→ **Provided data**
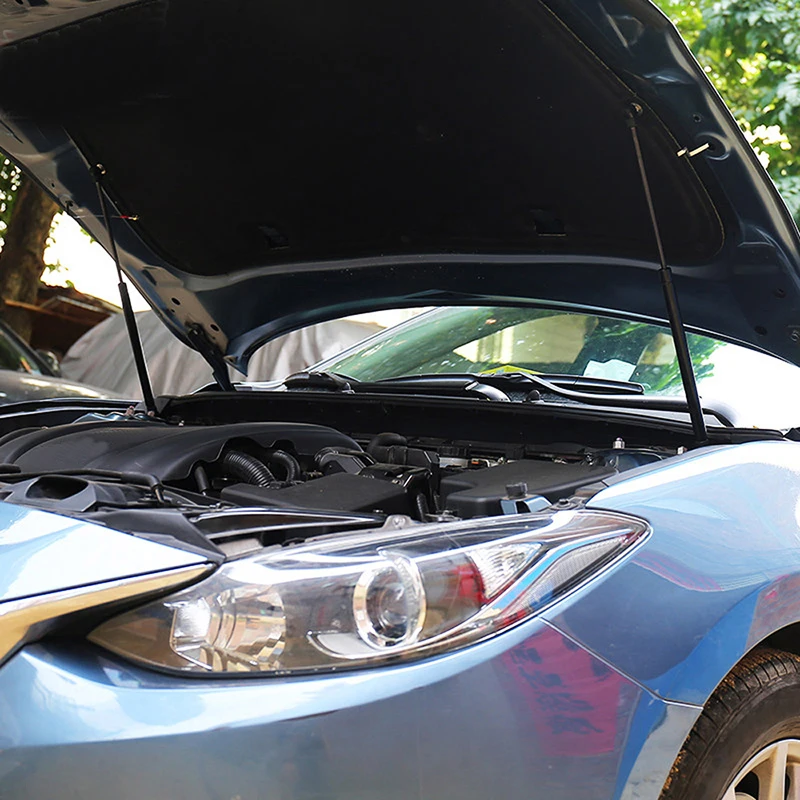 For Mazda 3 M3 Axela, M6 Atenza 2014-2018 Front Hood Bonnet Lift Support Poles Struts Shocks Hydraulic Rod Gas Springs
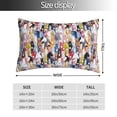 thumbnail image 2 of Sikiie Colourful Horses Pillow Covers, Throw Pillow Case Cushion Covers,Cushion for Bedroom,Couch,Home-20"x30", 2 of 6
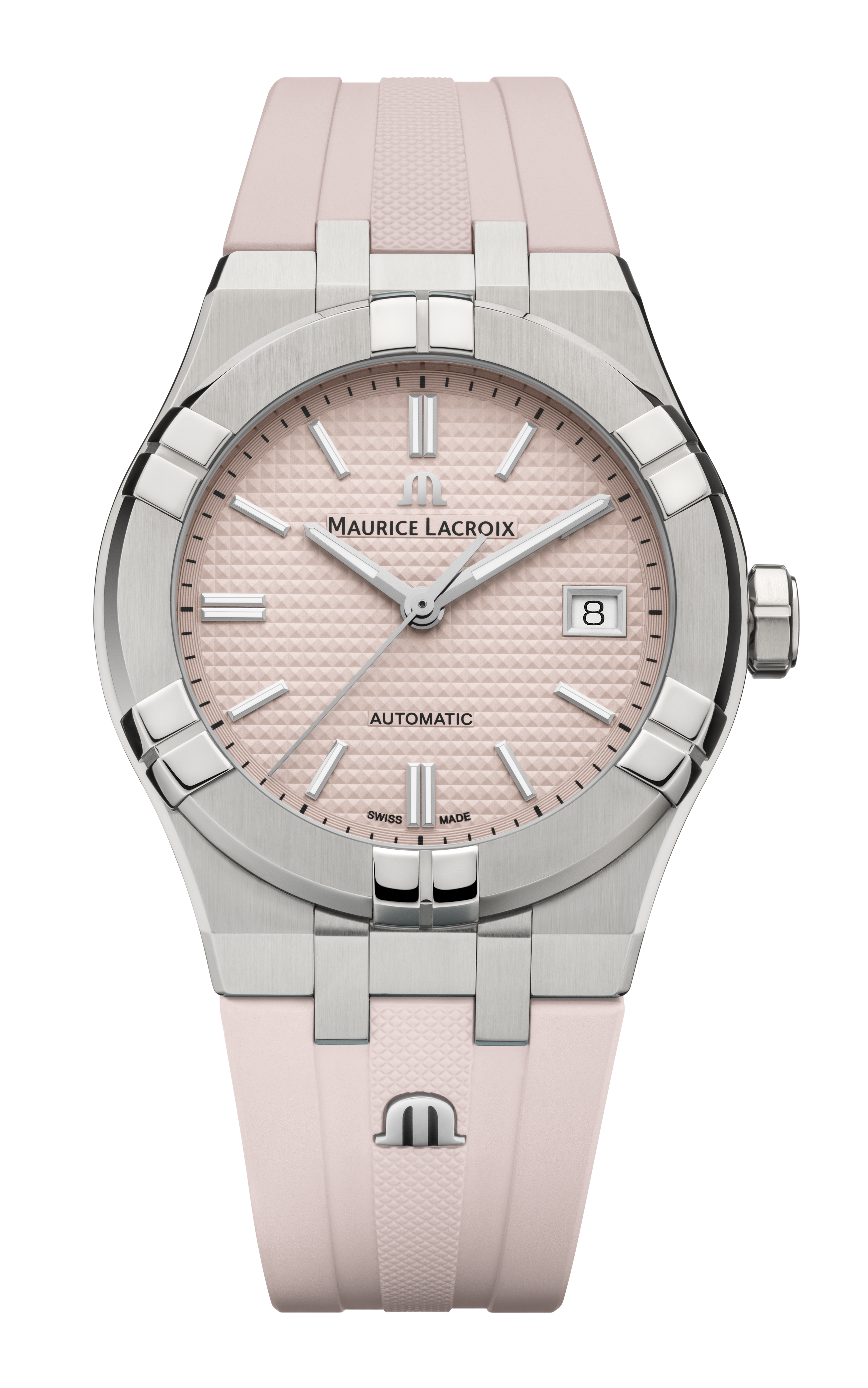 Maurice Lacroix Aikon Pink 39mm Limited Edition Watch AI6007-SS00F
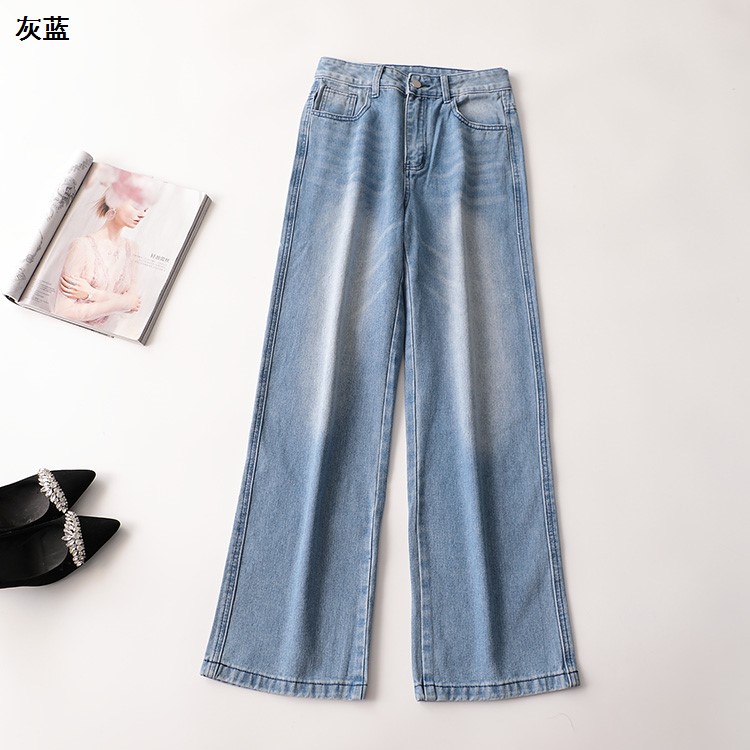 407312秋长款牛仔裤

→ **The task**
Omitting all pictures, restate word for word the lines from the one containing "thumbnail image 2" through the last line of the data.

→ **Output of the task**
 thumbnail image 2 of Sikiie Colourful Horses Pillow Covers, Throw Pillow Case Cushion Covers,Cushion for Bedroom,Couch,Home-20"x30", 2 of 6
 Maurice Lacroix Aikon Pink 39mm Limited Edition Watch AI6007-SS00F
 407312秋长款牛仔裤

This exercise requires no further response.